## Instructions for the task
The required output is every line from the one containing "Beige Bliss Stitched-2 piece Shirt & Trouser" through the last line of the listing below, copied exactly, pictures excluded.

## Data block
>>>
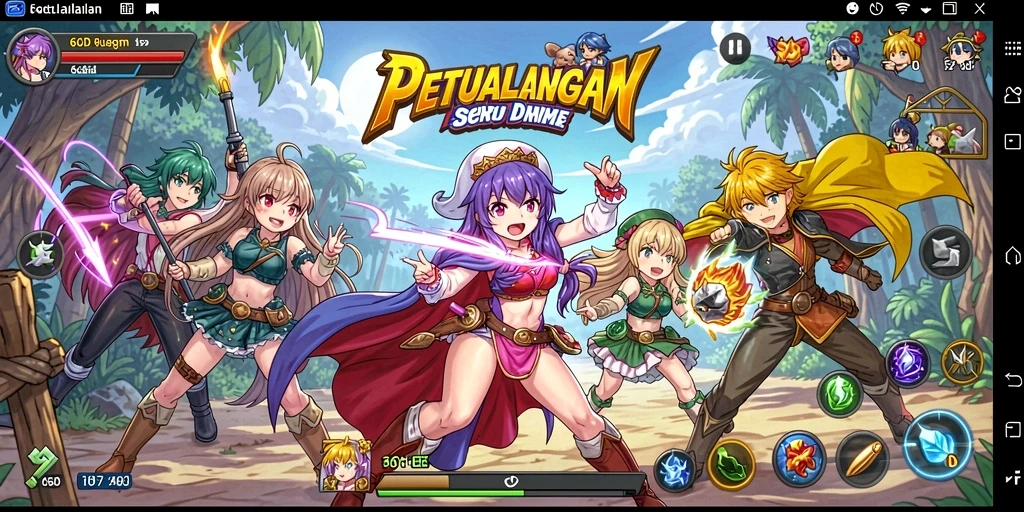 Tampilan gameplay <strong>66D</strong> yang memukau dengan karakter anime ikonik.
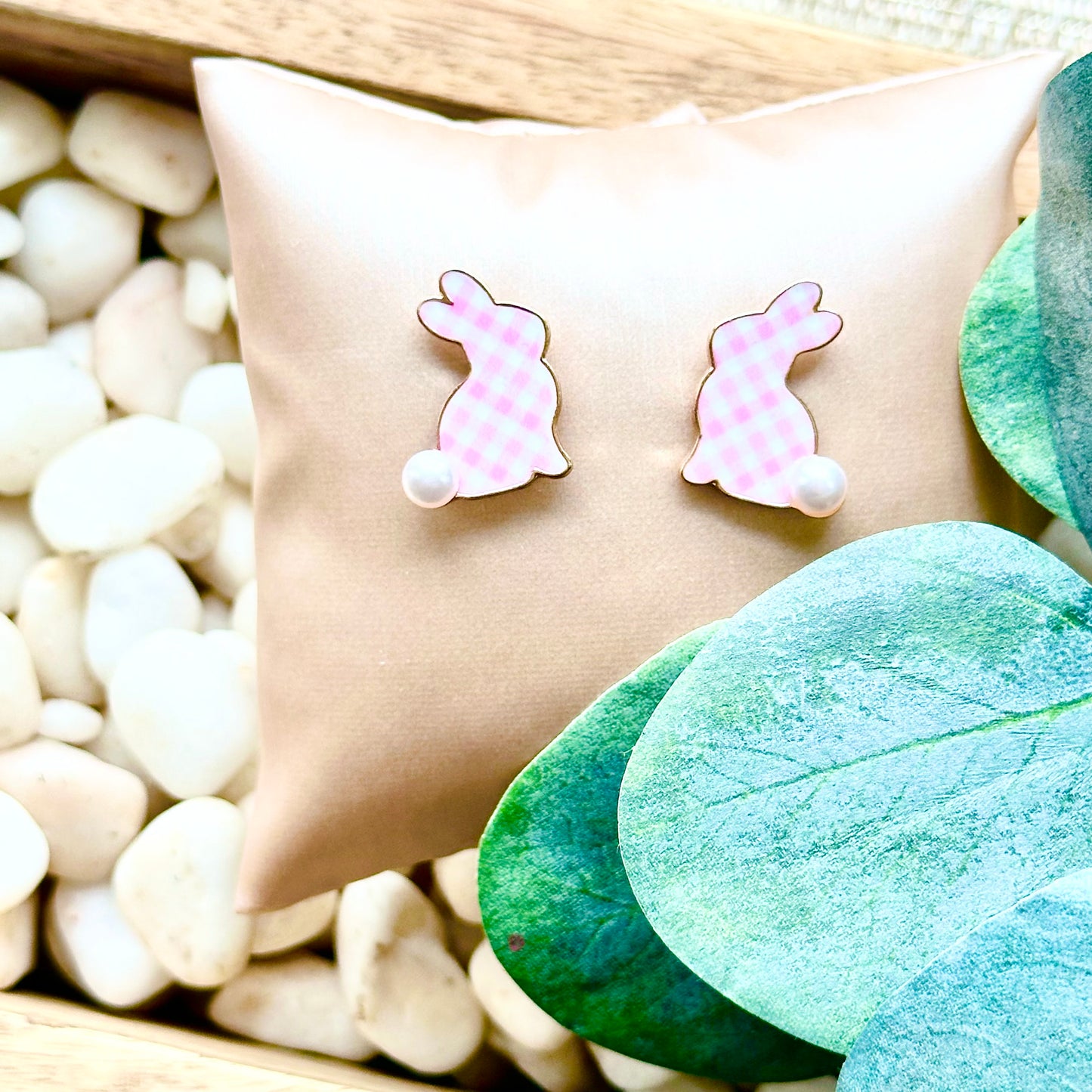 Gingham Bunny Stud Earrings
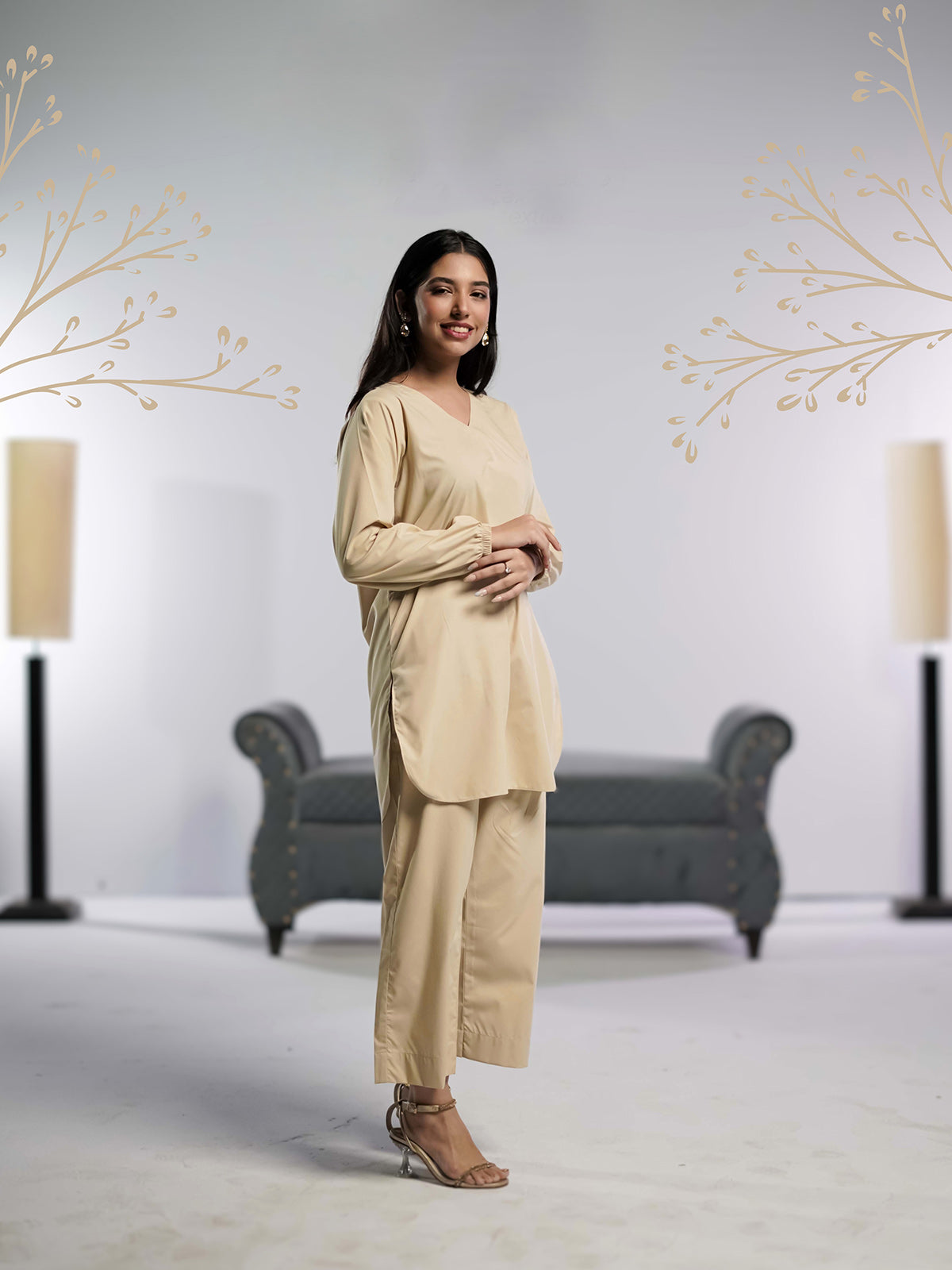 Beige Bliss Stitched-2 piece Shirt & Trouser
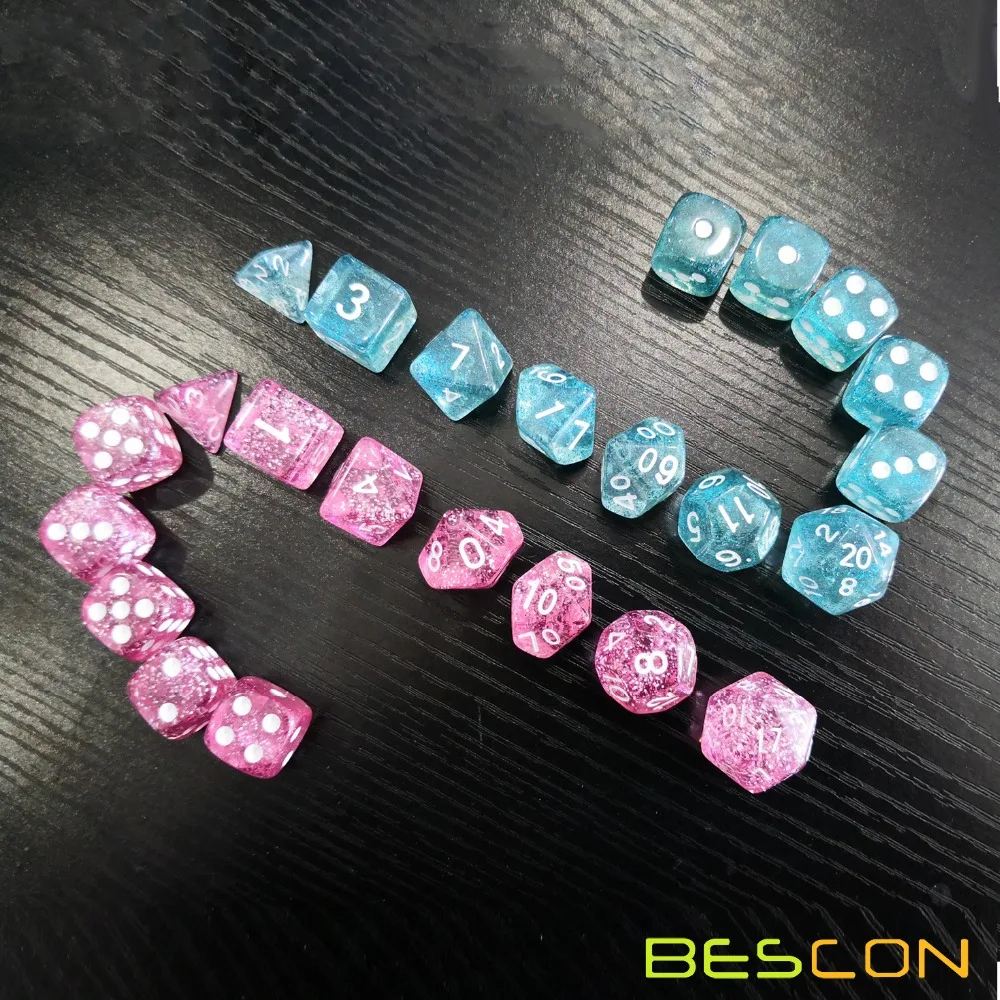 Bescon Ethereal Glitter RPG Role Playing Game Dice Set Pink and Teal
<<<
## Response area
 Beige Bliss Stitched-2 piece Shirt & Trouser
 Bescon Ethereal Glitter RPG Role Playing Game Dice Set Pink and Teal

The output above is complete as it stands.